In last week’s Jewish Standard, there was a review of Carol Ungar’s newly published cookbook, “Jewish Soul Food” – Traditional Fare and What it Means. She combines her writing with spirituality (even Kabbalistic ideas) and authentic tradition, and adds those to the recipes. There was also a recipe for a simple marble cake. As promised, here is a second recipe for a nice dairy potato casserole that would work well served with a broiled fish dinner. Enjoy.
Hungarian Jewish Pleated Potato Casserole —“Rakott Krumpli”
Excerpted from: Jewish Soul Food: Traditional Fare and What it Means
by Carol Ungar (Brandeis University Press)

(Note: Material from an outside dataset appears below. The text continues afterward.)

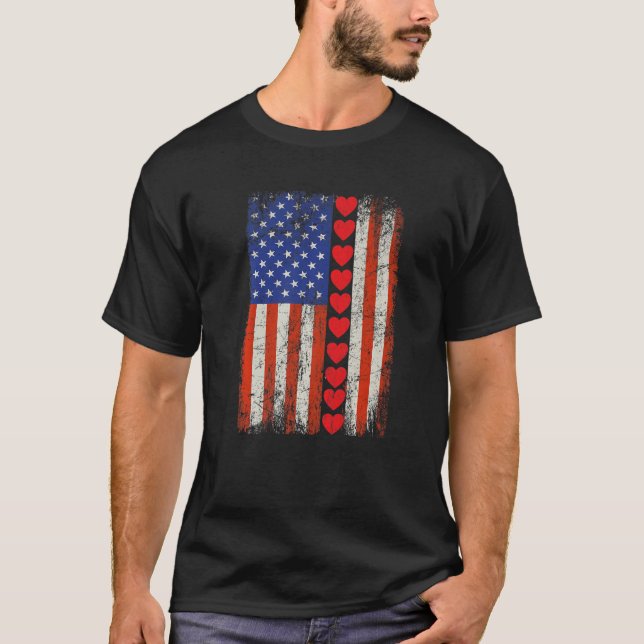 Camiseta American Flag Hearts (Frente)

A Jewish take on a Hungarian peasant classic, Rakott Krumpli, (pleated potatoes) is a savory sour cream, potatoes, and hardboiled eggs casserole. Jewish people often remake regional foods to conform to the Jewish dietary laws. The “pleating” refers to layering of ingredients.
6 medium potatoes cooked in their skins until fork tender (about 20 minutes)
3 eggs hard boiled
1 teaspoon salt (or more to taste)
⅛ teaspoon white pepper
1 teaspoon paprika (optional)
2 Vidalia onions sautéed in 2 tablespoons of butter (optional)
2 handfuls grated yellow cheese, any kind (optional)
2 cups sour cream
Slice boiled potatoes into ¼-inch rounds. Slice eggs into rounds. In a buttered casserole, layer potatoes, eggs, grated cheese, and sautéed onions, sprinkling salt and pepper over the potatoes.
Continue layering until casserole is full. Top with sour cream.
Bake at 350° F for 40 minutes or until top is brown. Doesn’t freeze well but will keep in fridge for up to four days and reheats nicely in the microwave.